Yesterday’s stock market crash seems to be leveling out, although a significant minority of observers believe much worse things are imminent and even most of the optimists appear to be badly shaken. If one thing is clear, it’s that China is out of control. Yesterday wasn’t the big crash that a lot of people are expecting, but that doesn’t mean they’re wrong. The big crash is coming, maybe not today or next month or even this year, but it is coming. And when it comes it seems likely that it will start in China and quickly flood over the EU like a tsunami. The US and Canada are the only real havens. They’ll both take severe hits, but nothing like the rest of the world.
Barbara’s first day back at work yesterday was uneventful. She’s turning things over to the several people who will replace her, teaching them what she does. It sounds like her final five weeks at work will be relatively calm, which is a good thing.
If you’d like a PDF copy of Chapter 1 of the prepping book, email me at thompson (at) ttgnet (dot) com with the subject line “book sample”. I’ll send you the PDF.
10:34 – At Lynn’s suggestion, I just added the following text as a sidebar in Chapter 1.
What About Cooling?
Cold can kill, but so can heat, particularly the elderly, infants, and others who are less able than most people to tolerate high temperatures and humidity. With power down, the lack of air conditioning can be a lethal threat to these vulnerable people.
Unfortunately, it takes a lot of power to run a whole-house air conditioning system, much more than is practical for most people to make provision for. Keeping whole-house air conditioning running during a power outage requires a very large generator and the fuel to run it.

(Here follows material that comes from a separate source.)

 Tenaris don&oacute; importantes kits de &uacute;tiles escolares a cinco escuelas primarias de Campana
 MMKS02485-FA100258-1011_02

If you must have cooling, there are two practical options:
First, you can buy a high-efficiency, inverter-based generator1, store enough fuel to run it for the expected duration of the power outage, and use it to power a small portable or window air conditioner to cool one room.

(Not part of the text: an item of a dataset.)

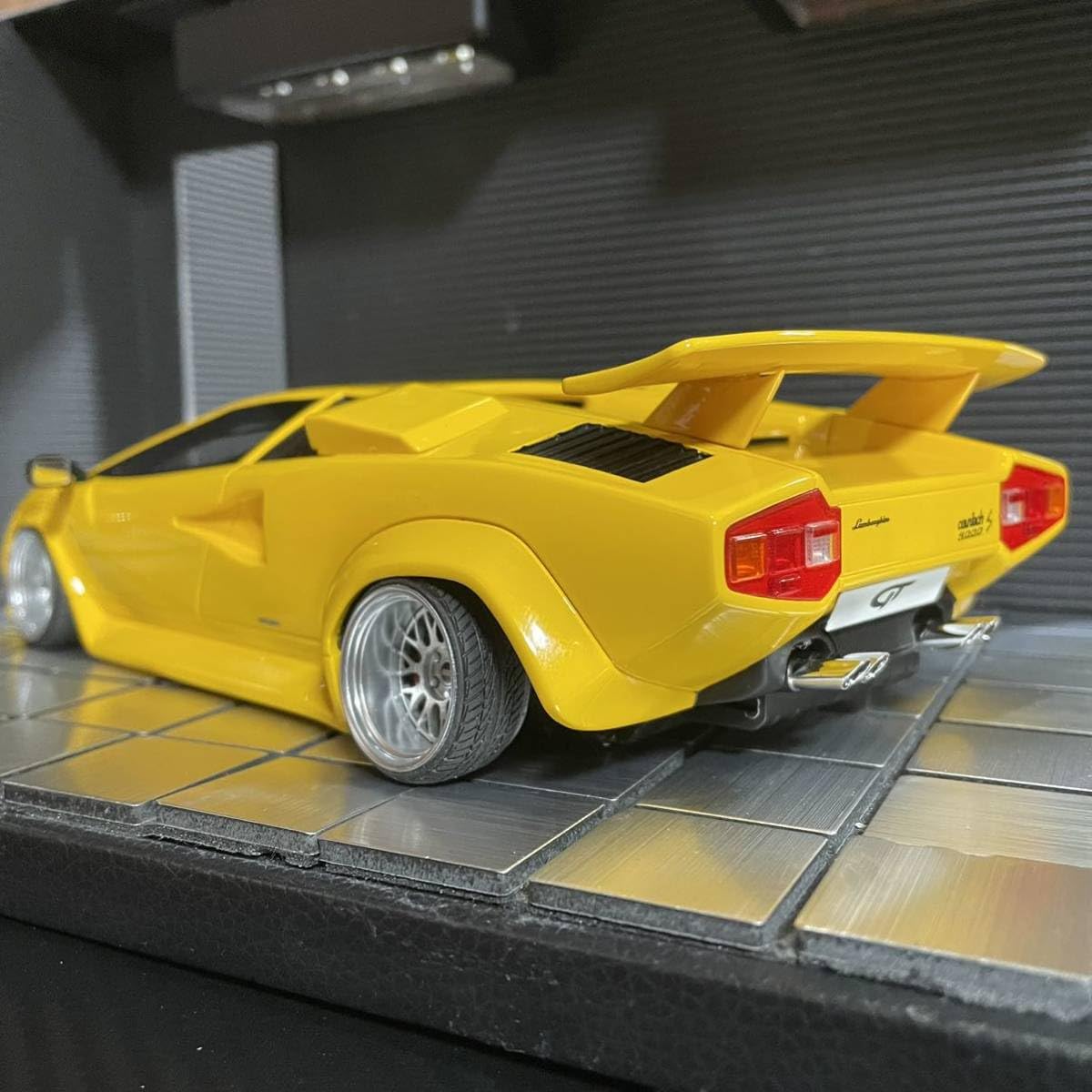 Amazon | GT Spirit 1/18ランボルギーニ カウンタックケーニッヒ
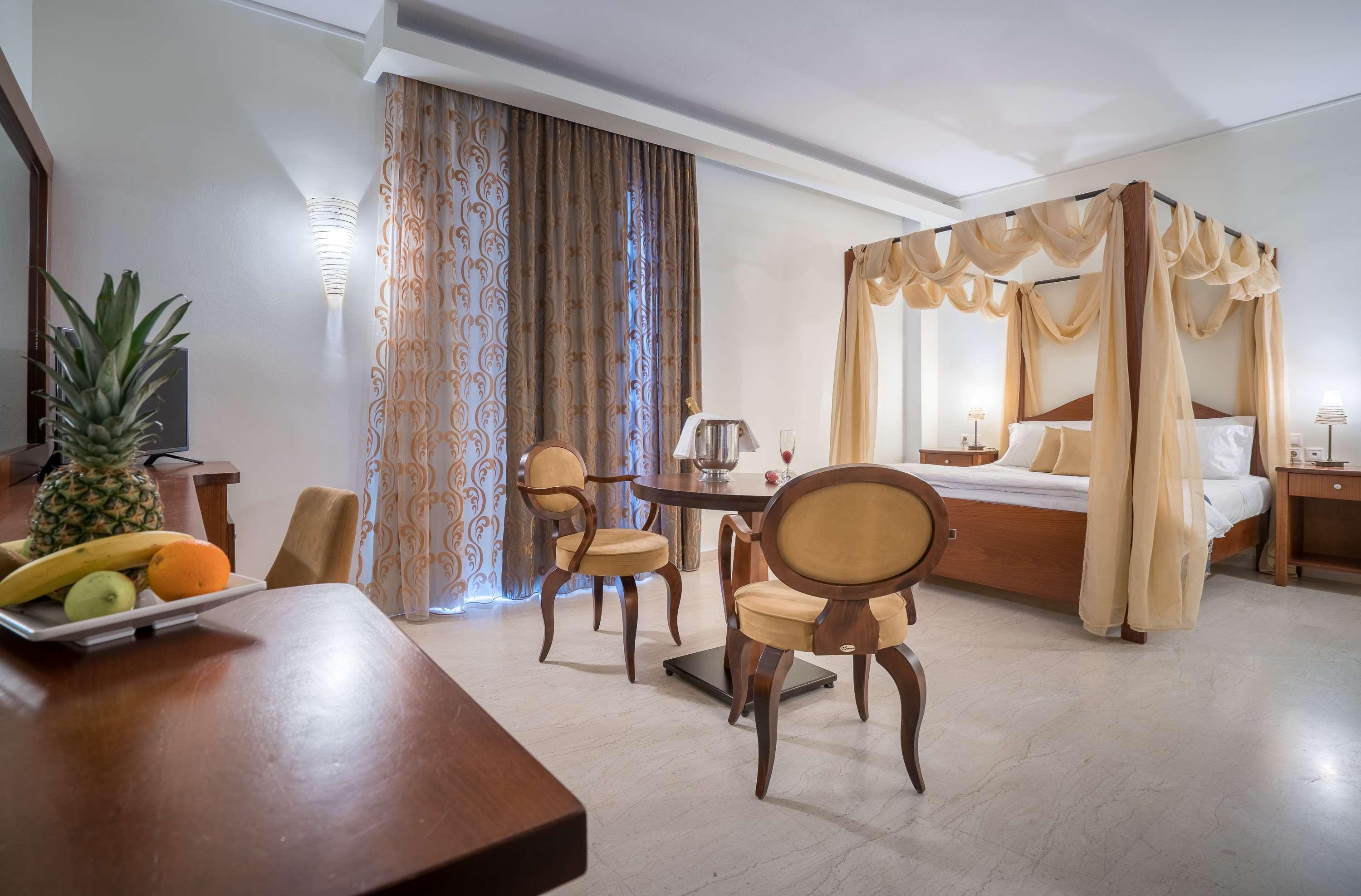 ซานเต พาร์ค โฮเต็ล บีดับเบิลยู พรีเมียร์ คอลเลคชั่น Hotel ลากานาส ภายนอก รูปภาพ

Second, you can do what our ancestors did before there was air conditioning. If you still have running water, use cool water for frequent cooling baths or showers. Utility water usually comes from the tap at about the average year-round temperature for your location. For example, the annual average temperature in Dallas, Texas is about 67 °F and that of Boston, Massachusetts is about 52 °F, so utility water temperatures in those cities are normally within ±5 or 10 °F of those temperatures. (Oddly, the water temperature is usually somewhat higher in cold months and somewhat lower in warm months because it takes six months or so for air temperature changes to penetrate the soil to the depth at which water pipes are usually buried.) Utility water at 65 or 70 °F is far enough below body temperature that bathing or showering in it will cool you down quickly. In fact, spending too long in cool water can produce hypothermia.
If you don’t have running water, use whatever water you do have. Other than shallow ponds, the temperature of natural water sources like streams, rivers, and lakes is usually much lower than the ambient air temperature.